How to complete this task: Reproduce the listing below exactly. Pictures do not belong in the copy.

Stored data:
------------

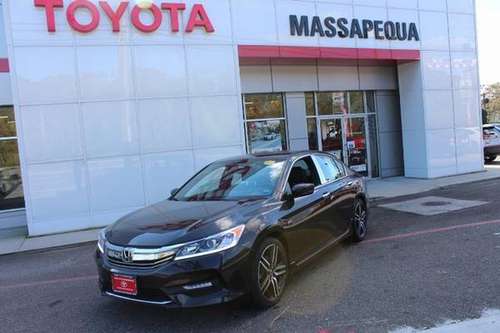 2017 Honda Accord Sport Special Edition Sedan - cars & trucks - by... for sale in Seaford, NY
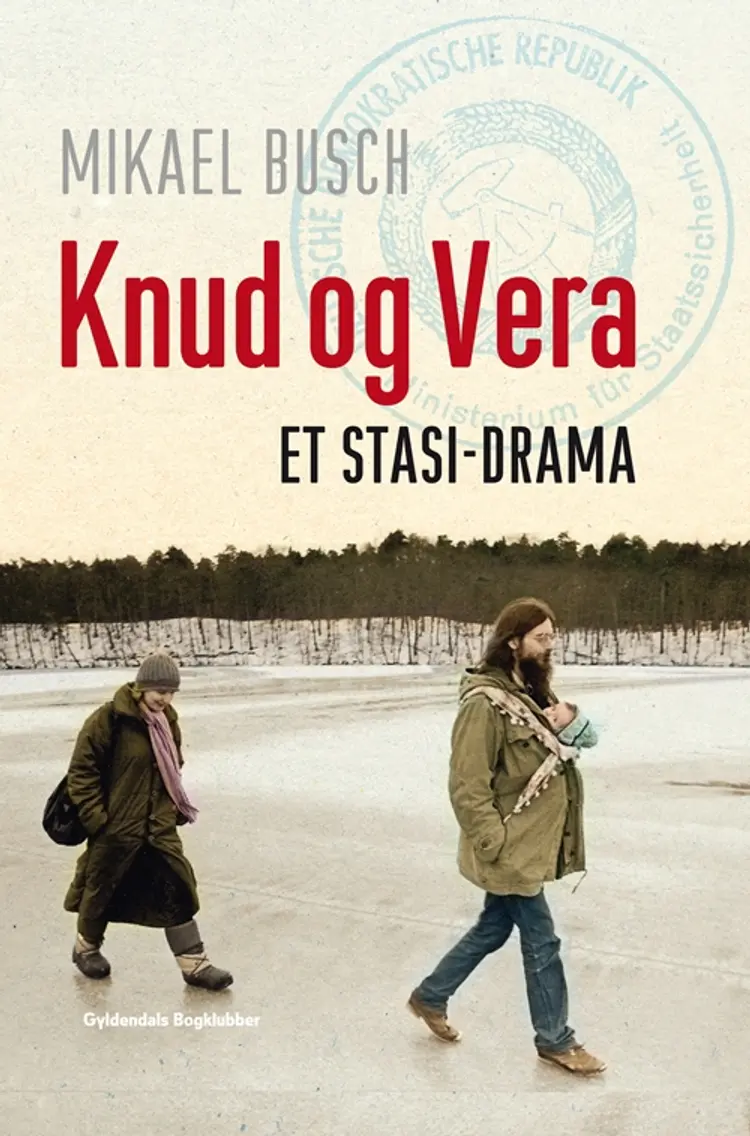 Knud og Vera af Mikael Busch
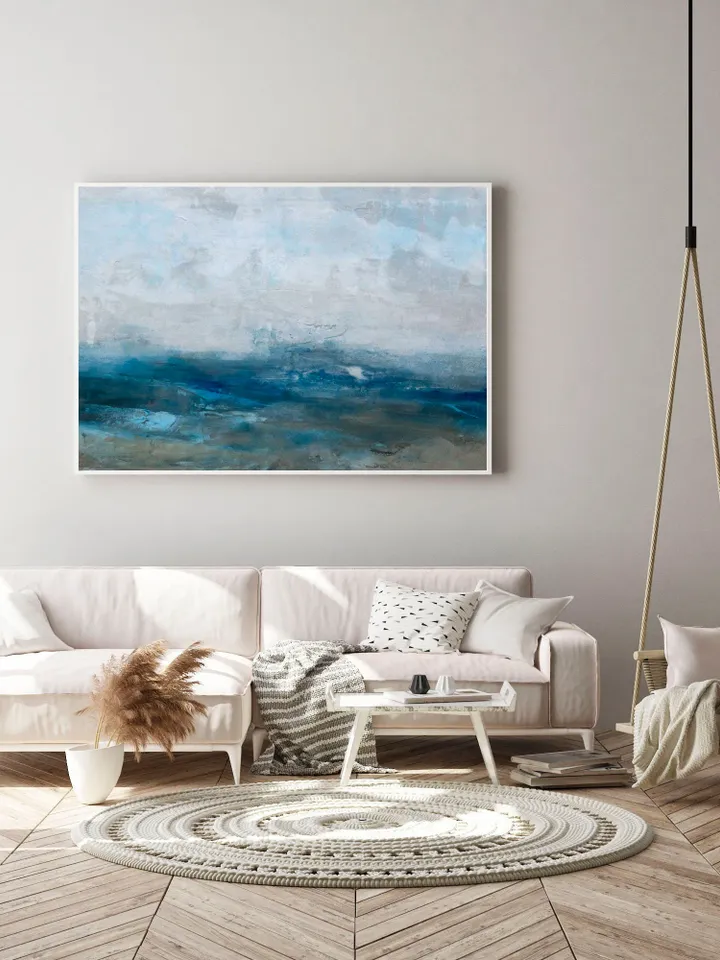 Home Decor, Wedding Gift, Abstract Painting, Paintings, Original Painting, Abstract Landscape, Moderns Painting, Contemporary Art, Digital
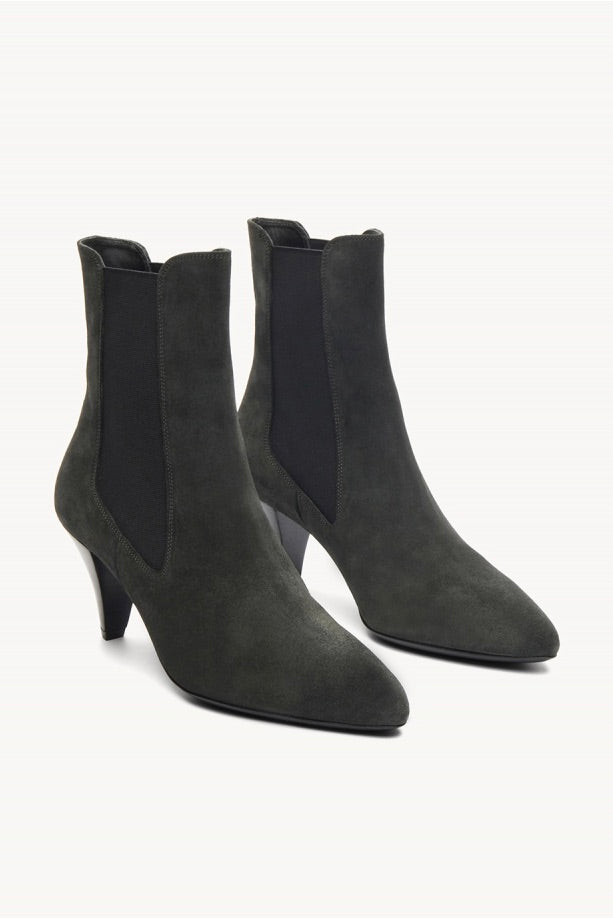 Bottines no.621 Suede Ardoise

------------

Exercise solution:
 2017 Honda Accord Sport Special Edition Sedan - cars & trucks - by... for sale in Seaford, NY
 Knud og Vera af Mikael Busch
 Home Decor, Wedding Gift, Abstract Painting, Paintings, Original Painting, Abstract Landscape, Moderns Painting, Contemporary Art, Digital
 Bottines no.621 Suede Ardoise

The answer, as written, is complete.